Let's say that I get the data set one point at a time, I don't know how many data points there are, and I have a finite amount of memory for storage as I build up this function.
Are there any good ways to fit a function to a data set as it comes in, with limited storage space? I think I'm looking for an "online" algorithm for fitting a function to a data set.
My best guess at an algorithm would be to decide on a fixed amount of storage to use, and have that define the degree of a polynomial. For instance, I might decide on a cubic curve and store the coefficients of the power series of $x$; $A,B,C,D$ in the equation $y = Ax^3+Bx^2+Cx+D$.
The next part of the problem would be to start the coefficients at some value, and then as data points come in, I would account for their influence in the equation some how.
Making polynomials from data points is fairly easy, using something like Lagrange Interpolation, but unfortunately I'm not sure how to turn that into an "online" algorithm where I don't know all of the data points in advance.
With fixed memory constraints, and a fixed degree polynomial (when i may get any number of points), I know that my resulting equation will only be an approximation, and won't actually necessarily be a true representation of my data set, but getting as close as reasonably possible is a desired result.
Does anyone know any techniques or methods for doing this?

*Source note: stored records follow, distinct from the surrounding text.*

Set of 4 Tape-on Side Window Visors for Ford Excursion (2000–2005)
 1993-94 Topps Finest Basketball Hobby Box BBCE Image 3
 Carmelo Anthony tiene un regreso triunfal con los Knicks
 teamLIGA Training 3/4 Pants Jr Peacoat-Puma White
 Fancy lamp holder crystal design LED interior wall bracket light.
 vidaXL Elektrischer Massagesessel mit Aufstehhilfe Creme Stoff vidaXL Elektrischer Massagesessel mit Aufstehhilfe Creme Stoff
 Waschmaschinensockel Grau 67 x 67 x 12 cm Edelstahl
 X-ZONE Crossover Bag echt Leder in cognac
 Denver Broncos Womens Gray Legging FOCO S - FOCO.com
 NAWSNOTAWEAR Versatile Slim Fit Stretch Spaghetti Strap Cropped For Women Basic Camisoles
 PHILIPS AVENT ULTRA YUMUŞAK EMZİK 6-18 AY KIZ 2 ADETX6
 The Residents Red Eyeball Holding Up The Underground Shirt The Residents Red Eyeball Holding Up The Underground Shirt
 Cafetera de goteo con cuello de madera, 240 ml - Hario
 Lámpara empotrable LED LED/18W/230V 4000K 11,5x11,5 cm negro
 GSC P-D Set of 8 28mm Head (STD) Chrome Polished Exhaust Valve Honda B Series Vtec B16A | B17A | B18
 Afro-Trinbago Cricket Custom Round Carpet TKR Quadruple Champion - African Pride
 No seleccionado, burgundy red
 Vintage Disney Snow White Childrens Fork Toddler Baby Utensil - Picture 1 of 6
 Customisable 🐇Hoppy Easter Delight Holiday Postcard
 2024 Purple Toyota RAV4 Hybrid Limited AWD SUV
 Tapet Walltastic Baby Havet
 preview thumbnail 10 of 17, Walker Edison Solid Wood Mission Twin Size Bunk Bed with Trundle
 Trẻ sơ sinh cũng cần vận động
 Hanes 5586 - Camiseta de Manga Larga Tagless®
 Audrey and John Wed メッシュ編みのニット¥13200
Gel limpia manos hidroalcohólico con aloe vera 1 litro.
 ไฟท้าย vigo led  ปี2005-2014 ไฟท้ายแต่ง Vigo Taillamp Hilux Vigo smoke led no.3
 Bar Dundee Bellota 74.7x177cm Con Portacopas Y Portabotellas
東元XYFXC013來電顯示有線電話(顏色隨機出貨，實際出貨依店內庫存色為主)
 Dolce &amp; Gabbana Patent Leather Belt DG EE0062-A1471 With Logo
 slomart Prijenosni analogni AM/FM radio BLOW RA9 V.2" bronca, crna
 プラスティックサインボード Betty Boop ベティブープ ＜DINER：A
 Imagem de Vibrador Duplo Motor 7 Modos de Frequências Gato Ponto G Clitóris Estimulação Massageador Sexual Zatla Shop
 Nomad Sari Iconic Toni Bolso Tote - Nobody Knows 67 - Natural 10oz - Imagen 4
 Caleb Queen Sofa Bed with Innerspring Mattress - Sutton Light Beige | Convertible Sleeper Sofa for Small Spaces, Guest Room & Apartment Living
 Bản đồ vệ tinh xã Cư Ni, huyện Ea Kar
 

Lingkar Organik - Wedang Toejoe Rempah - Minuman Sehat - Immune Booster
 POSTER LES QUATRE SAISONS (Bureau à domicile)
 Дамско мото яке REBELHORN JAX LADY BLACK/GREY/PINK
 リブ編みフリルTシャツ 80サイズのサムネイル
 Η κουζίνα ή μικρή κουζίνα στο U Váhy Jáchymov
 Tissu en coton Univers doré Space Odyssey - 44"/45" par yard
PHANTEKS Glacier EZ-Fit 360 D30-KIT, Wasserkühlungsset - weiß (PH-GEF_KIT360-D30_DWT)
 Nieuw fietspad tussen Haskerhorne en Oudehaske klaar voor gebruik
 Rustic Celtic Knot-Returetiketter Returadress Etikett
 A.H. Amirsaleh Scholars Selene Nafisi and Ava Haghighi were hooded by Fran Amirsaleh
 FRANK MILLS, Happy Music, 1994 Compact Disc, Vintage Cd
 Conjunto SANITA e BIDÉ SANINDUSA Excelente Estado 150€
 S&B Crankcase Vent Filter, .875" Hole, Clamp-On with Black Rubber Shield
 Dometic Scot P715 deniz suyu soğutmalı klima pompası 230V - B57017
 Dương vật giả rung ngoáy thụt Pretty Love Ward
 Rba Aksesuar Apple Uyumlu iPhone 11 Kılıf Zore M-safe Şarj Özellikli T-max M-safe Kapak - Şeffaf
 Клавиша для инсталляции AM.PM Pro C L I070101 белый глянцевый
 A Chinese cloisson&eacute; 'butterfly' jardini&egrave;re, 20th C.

Suppose you fix a degree $d$ in advance for your polynomial, and ask for a linear least-squares fit to your polynomial. With data $(x_j, y_j)$, $j = 1\ldots n$, the coefficients $c_0, \ldots, c_d$ give the least-squares solution to the system $Y = A c$ where $Y = [y_1, \ldots, y_n]^T$, and $A_{jk} = x_j^k$, $j=1\ldots, n$, $k = 0\ldots d$. This least-squares solution is given by solving the normal equations $$ A^T A c = A^T Y$$ assuming $A^T A$ has rank $d+1$, which it does as soon as there are at least $d+1$ distinct $x_j$, $c = (A^T A)^{-1} A^T Y$. Note that $(A^T A)_{ik} = \sum_j x_j^{i+k}$, so $A^T A$ is constant on antidiagonals and requires only $O(d)$ storage, and is easily updated. For each new data point $(x_j, y_j)$ you add $x_j^{i+k}$ to $(A^T A)_{ik}$, and $x_j^i y_j$ to $(A^T Y)_i$, $i=0 \ldots, d$, $k = 0 \ldots d$.